RepealFatca.com calls this a major game changer. They also say a companion bill is expected to be introduced in the House of Representatives.
Will it succeed? We can only hope. You Go Rand Paul!
Thank you. Thank you. Thank you!
Like most other Canadians, I was outraged to learn that the Royal Bank of Canada has been laying off IT workers and replacing them with temporary foreign workers, with the intention of outsourcing their IT functions overseas. I was ever more outraged to learn in today’s news that RBC is not unique among Canadian chartered banks in doing this; several other members of the Canadian Bankers Association also stand accused in the media of the same practice, by some laid-off and even current IT workers from several banks other than RBC (specifically, CIBC, TD, Scotiabank and BMO).
Am I the only person who is wondering whether there is a connection between the outsourcing of the banks’ IT functions to less-expensive overseas contract workers, and the indications we hear of the banks’ preparations to comply with FATCA (which will entail some extensive and expensive IT systems work in these banks)? Outsourcing all that IT work could help reduce the costs to the banks of rolling over and complying with IRS invasion of our citizens’ financial accounts.
Is it the case that not only are the banks preparing to throw Section 15 of Canada’s Charter of Rights and Freedoms under the bus, as well as the account information on thousands upon thousands of Canadian citizens’ financial information to the tax agency of a foreign country, but they also are laying off highly-educated and highly-trained Canadian IT workers to boot in order to achieve this, even requiring those workers to train their under- or un-trained replacements in Canada before those workers go back to where they came from (and where Canadian privacy, banking and Charter rights don’t apply as those workers will be on foreign soil)?
And what will the outsourcing of IT functions overseas do to what remains of privacy, secrecy and security of Canadians’ financial information – of ALL Canadians, not only those of US origin?

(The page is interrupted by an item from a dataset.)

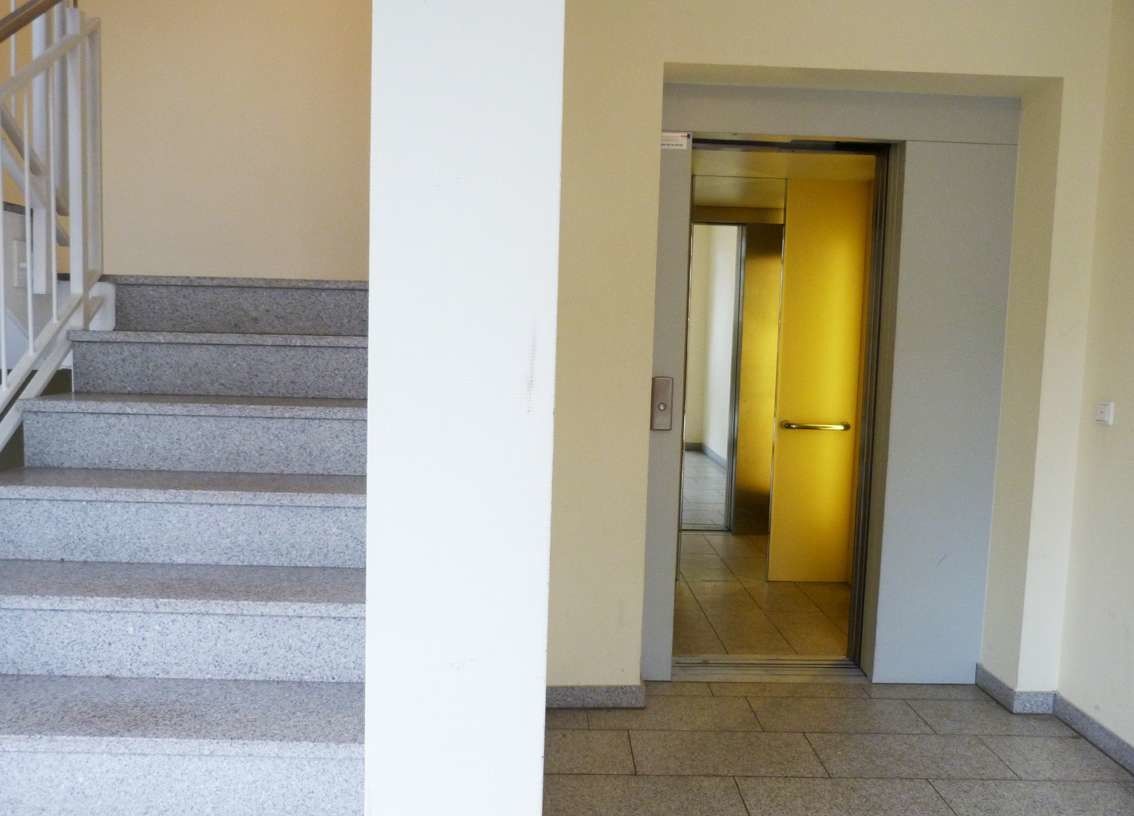 Helles Treppenhaus mit Aufzug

I am writing today to my MP to ask these questions. I urge you all to do likewise. I would like some clear and believable answers. (No, I am not writing to CBA. I want an answer I can believe, and I think that Question Period in the House of Commons, followed as appropriate by a federal government investigation to get answers, is the only way that’s going to happen. CBA is not going to have any credibility with me on this one. I believe what fellow Canadian workers are telling CBC, not the insipid denial by that RBC official.)
If anyone was looking for a compelling reason for non-US-origin Canadians to get really upset about FATCA and the banks, this could be a very good one, if it pans out.